Barnes, who runs the Democratic political organization Informed Voter, says he isn't clueless at all; he's just trying to leverage one of the most powerful mass media available today to reach voters who would want to be contacted.
In fact, he isn't the only one who wants to unleash the power of email: It is a widely accepted truism that mainstream advertisers are champing at the bit hoping to find a way to reach mass numbers themselves. Email is the most direct way to reach a person--and, in advertising lore, the more directly an ad can be targeted, the more likely it is to work.
But with few exceptions, mainstream advertisers have avoided junk email, fearing a backlash from Netizens. And those who have given in to temptation--even just trying it out with email that only some would define as true spam--have been burned by the experience.
Mozena said Barnes should take heed.
With email, he said, "the cost of the communication is shifted onto the recipient whether it's a personal email or political email.
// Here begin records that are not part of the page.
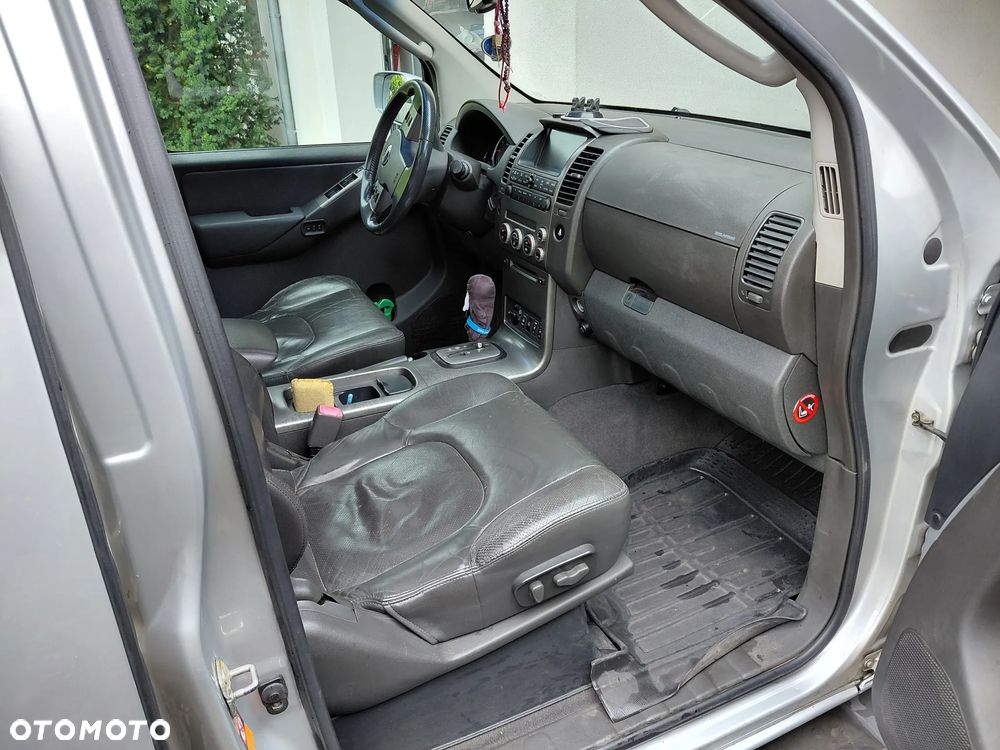 Nissan Pathfinder 2.5 DCi Elegance + - 8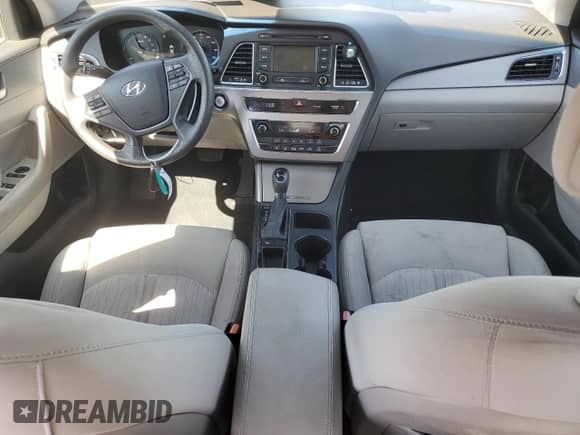 2016 Hyundai Sonata SE with VIN KMHE24L10GA036542, listed as a Copart auction lot 81690755 with 61,474 mi miles and Salvage title. Bid and sale history available at DreamBid. Image 8.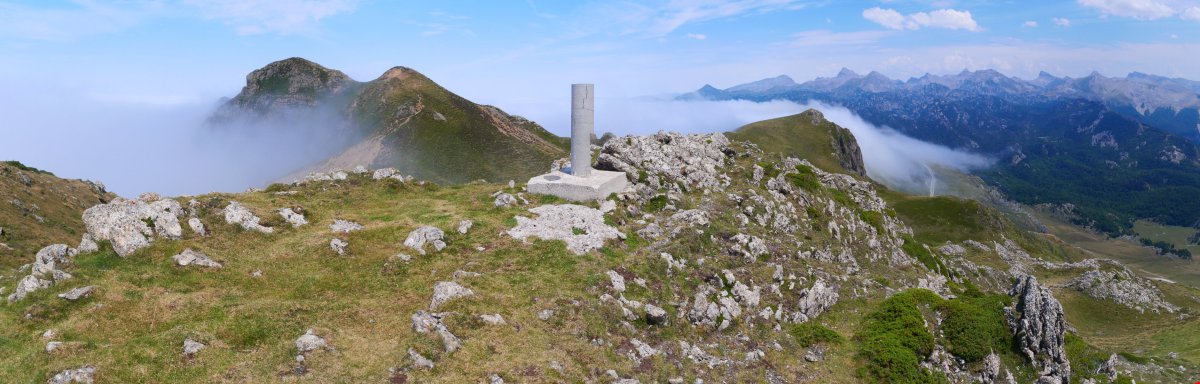 Hegoaldeko tontorretik ikusita, Lakhura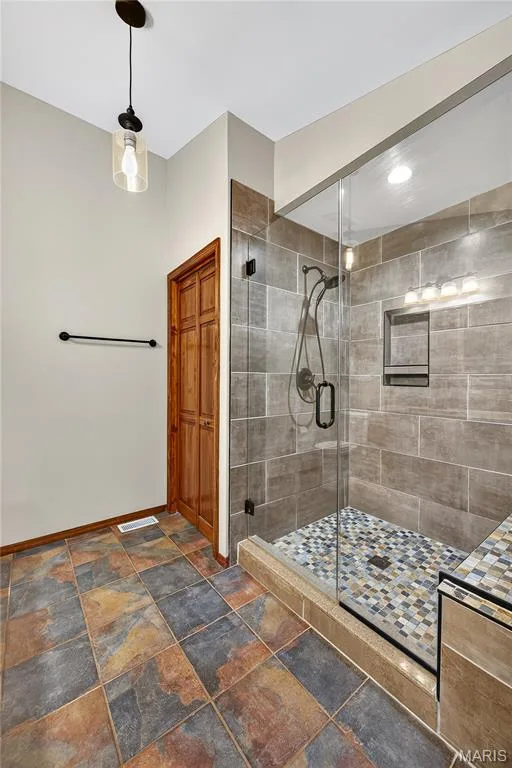 19 Greenview Drive, Defiance, MO 63341 — listing photo 26 of 45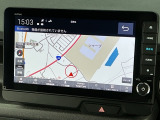 ホンダ純正9インチインターナビは使い勝手が良く画面がとっても大きくて見やすいですよ〜(^^♪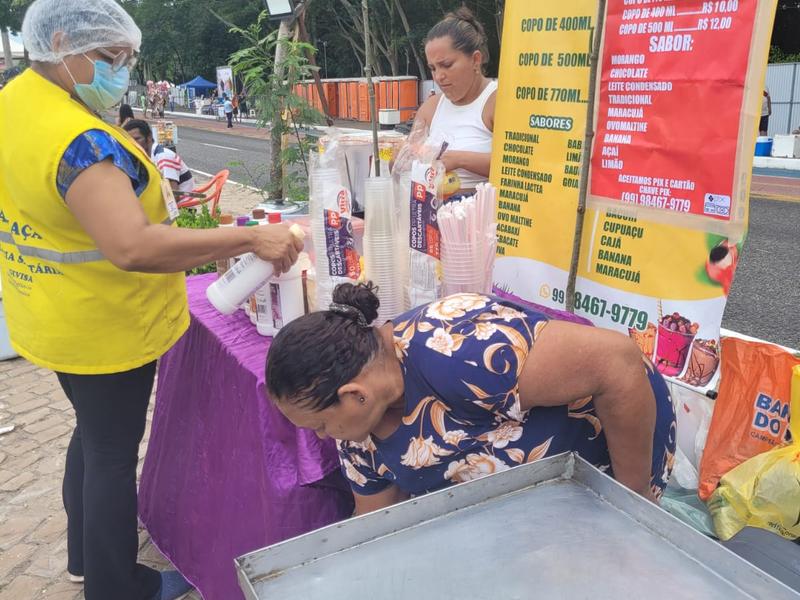 Gevisa fiscalizando ambulantes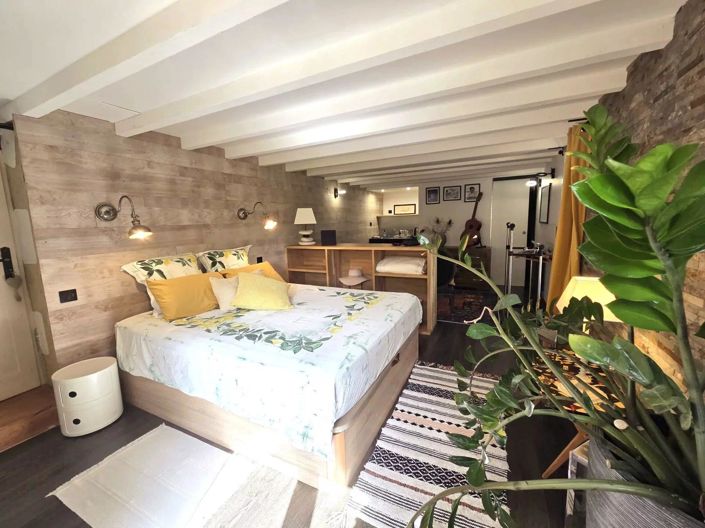 Image No.26-7 Bed House for sale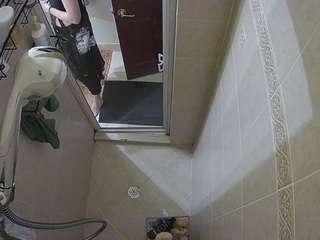 このモデルは現在ライブ中です。 voyeurcam-baileybase-shower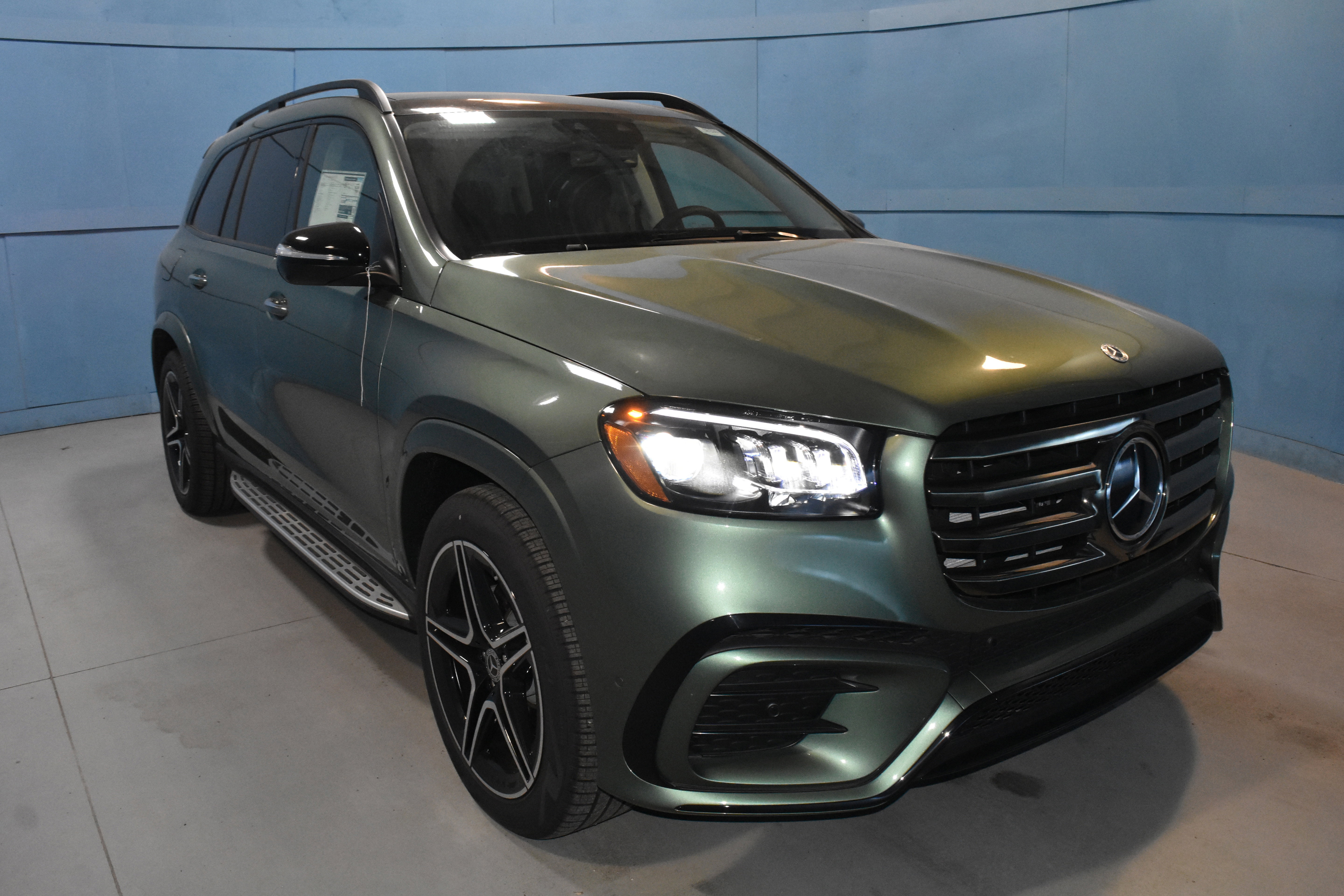 New 2026 Mercedes-Benz GLS 450 4MATIC image 1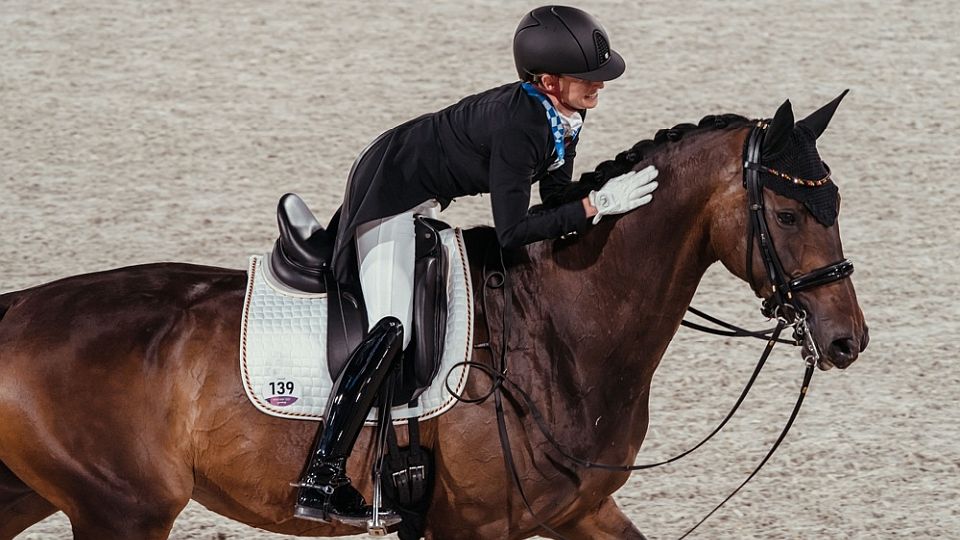 Olympijská vítězka v drezuře Jessica von Bredow-Werndl čeká druhé dítě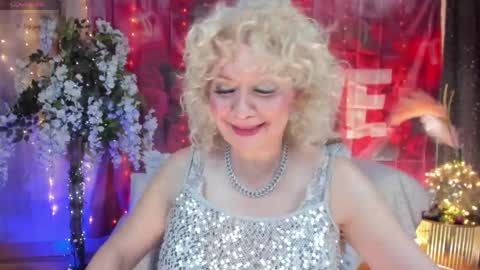 diorvictoria9 online show from April 17, 6:44 pm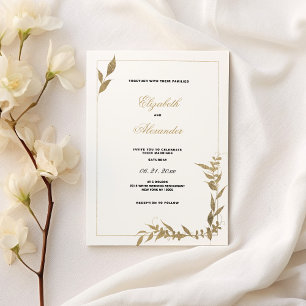 Elegante Hochzeit mit weißem und goldenem Blattwer Einladung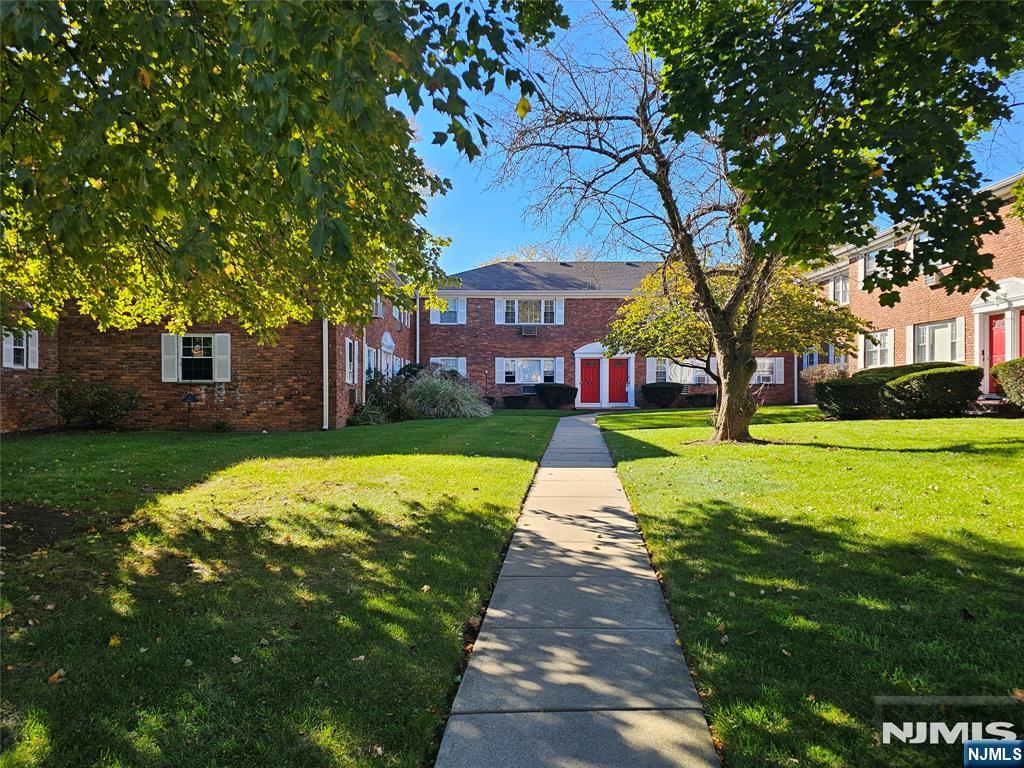 17 Atherton Court 64 - Photo 1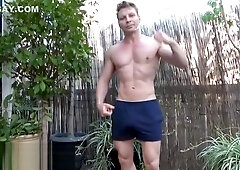 Training Gym then Flex in Aussie Back yard Free balling Muscle Pump Video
While email is a wonderful tool for keeping in touch with people who are already your supporters, using it as a contact method is just going to make a lot of people really angry."
Informed Voter has purchased email lists and otherwise gathered names from those who have made their email addresses public, Barnes said. Last November when Barnes and his organization sent out the singular mailing, they did take names from newsgroups, although they didn't "harvest" them blindly, he said.
Some Netizens criticized last year's emailing, calling it spam, pure and simple.
But as he argued last year, Barnes said his group is trying to be careful about the recipient lists. He defended the ones that he uses, saying the email addresses were all legitimately public.
"These are what we call public email addresses," Barnes said. "If you handed me your business card and on it was your email address, you are giving that out to the public. I'm collecting lists from established organizations. The main thrust is we're going to try to increase the participation in the election and Democratic [candidates]."
Barnes said he's open to feedback and said the program "is still being developed." Already, his Web site advertises a full program: "Direct email, targetable by county and state. Constituency email, targetable by demographics or create and maintain your own database," it states.
Barnes calls the current emailing, reported in the San Francisco Chronicle, "revolutionary" and claimed that the move was "unprecedented."
During the last presidential campaign, however, Republican candidate Bob Dole used email to contact voters. Even with an "opt-in" list that asked Net users to sign up for the email messages, he was accused of sending spam because some people signed up their "friends" for the email.
During that 1996 campaign, political consultants said that by 2000, not only email, but the entire Internet would play a major role in elections. But the way it would happen was unclear then and remains so today.
Barnes, insisting that "we want to do things right," defended his right to send mass email as falling under the First Amendment. "What about the issue of political free speech?" he asked rhetorically. "What about ability to use the Web to register people to vote?"
He likened email to political mailings that are the bread and butter of politicians and consultants such as himself.
Mozena and other antispam activists point out that there is one major difference: In snail mail carried through the U.S. Postal Service the sender pays for postage. With email, the recipients and their Internet service providers in effect absorb the cost. And that, they say, makes all the difference.
Barnes counters that he's simply using it to promote democracy (and Democrats): "Is it a bad thing for us to be promoting voter registration, absentee ballots, and get-out-the-voter polling locations on the Web? We're not trying to sell anything. We're not trying to get you to purchase a product. We want to ask you one time are you registered to vote.
"We want to do it right," he added. "How will we know the impact unless we do it?"
Last time, he said, "Most of the people who asked to be taken off the mailing lists also were appreciative of the work we were doing. Frankly, what we are doing is pro-democracy."
Clearly, not everyone is so thankful for his sense of civic responsibility.
"I paid for this message against my will, as did everyone else who received it," one recipient of the November emailing wrote in a newsgroup. "This seems to me to be a matter of illegal campaigning, since each of us who received this junk email have been coerced into making an unreported contribution."